* WHAT TO PRODUCE
Pictures are to be left out, but please repeat each record exactly.

- - - -

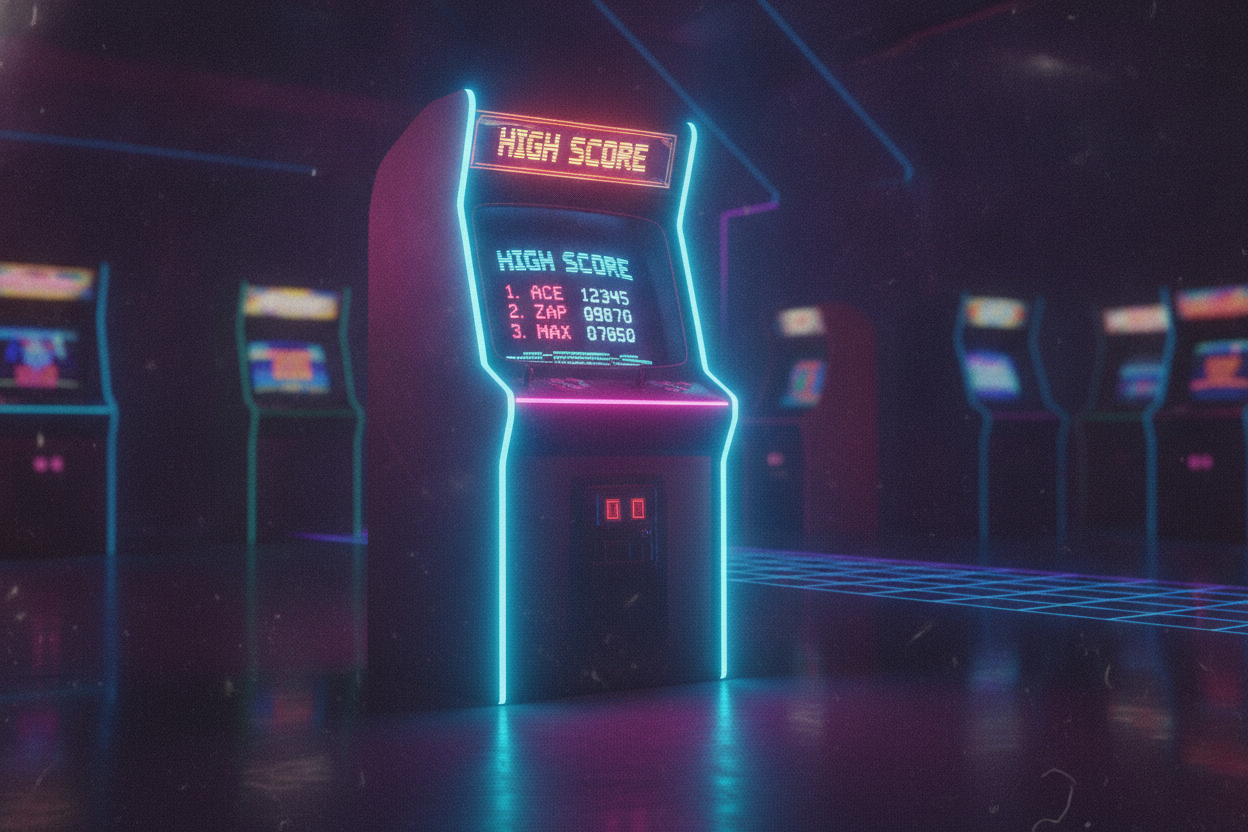 Glowing retro arcade cabinet displaying a neon high score leaderboard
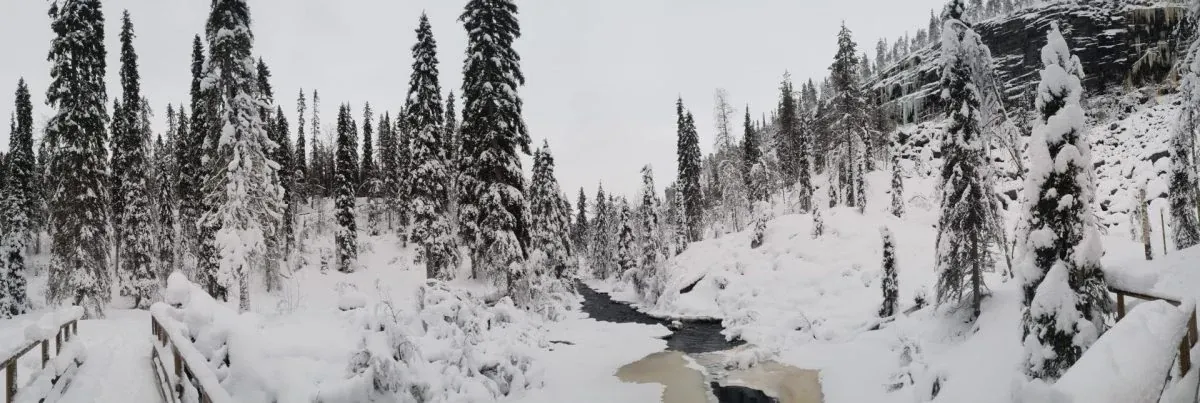 Korouoma Canyon winter landscape and frozen waterfalls hike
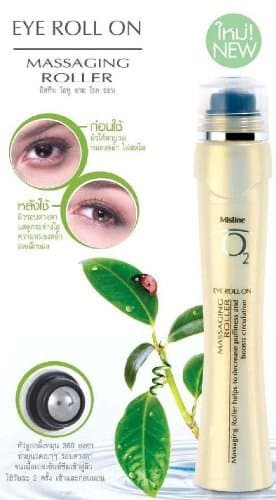 Mistine O2 EYE Roll on Massaging Roller Anti-puffiness Anti-aging & Brightening From Thailand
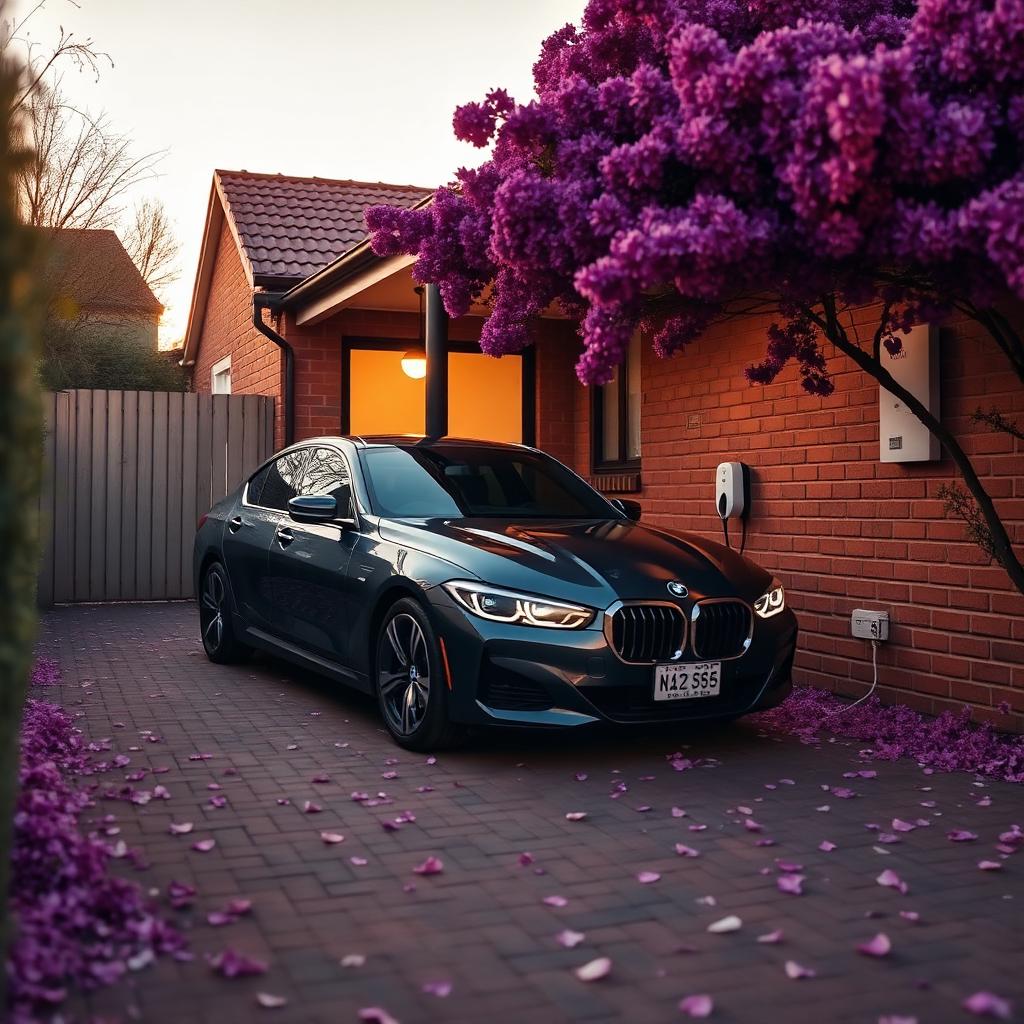 Jacaranda in bloom on Rokeby Road. The charger sits quietly on the brick wall behind.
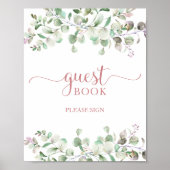 Greenery Eucalyptus Watercolor Gästebuchzeichen Poster (Vorne)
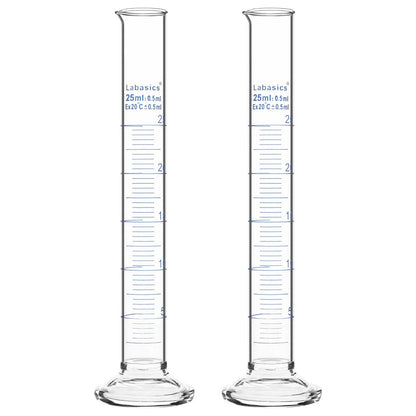 Measuring cylinder, 25 mL, borosilicate glass construction, accurate metric graduations, suitable for laboratory liquid handling; 2-pack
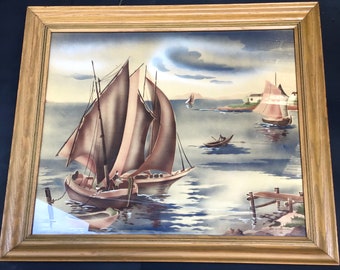 Vintage MCM Airbrush Painting Sailboats Large Framed Alex Wittman Painting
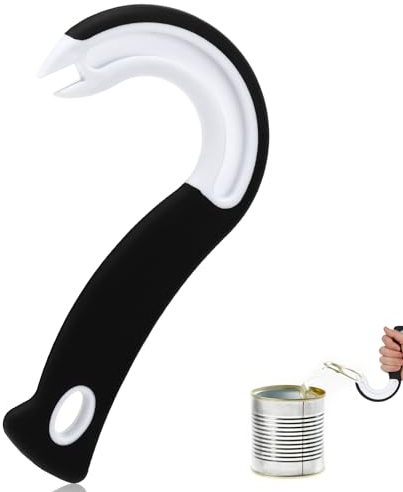 Molain Abridor de latas de anillo fácil de abrir, abrelatas portátil con gancho para latas de comida enlatada, en forma de J, herramienta de abridor de botellas para personas mayores, niños, manos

- - - -

* OUTPUT FOR THIS EXERCISE
 Glowing retro arcade cabinet displaying a neon high score leaderboard
 Korouoma Canyon winter landscape and frozen waterfalls hike
 Mistine O2 EYE Roll on Massaging Roller Anti-puffiness Anti-aging & Brightening From Thailand
 Jacaranda in bloom on Rokeby Road. The charger sits quietly on the brick wall behind.
 Greenery Eucalyptus Watercolor Gästebuchzeichen Poster (Vorne)
 Measuring cylinder, 25 mL, borosilicate glass construction, accurate metric graduations, suitable for laboratory liquid handling; 2-pack
 Vintage MCM Airbrush Painting Sailboats Large Framed Alex Wittman Painting
 Molain Abridor de latas de anillo fácil de abrir, abrelatas portátil con gancho para latas de comida enlatada, en forma de J, herramienta de abridor de botellas para personas mayores, niños, manos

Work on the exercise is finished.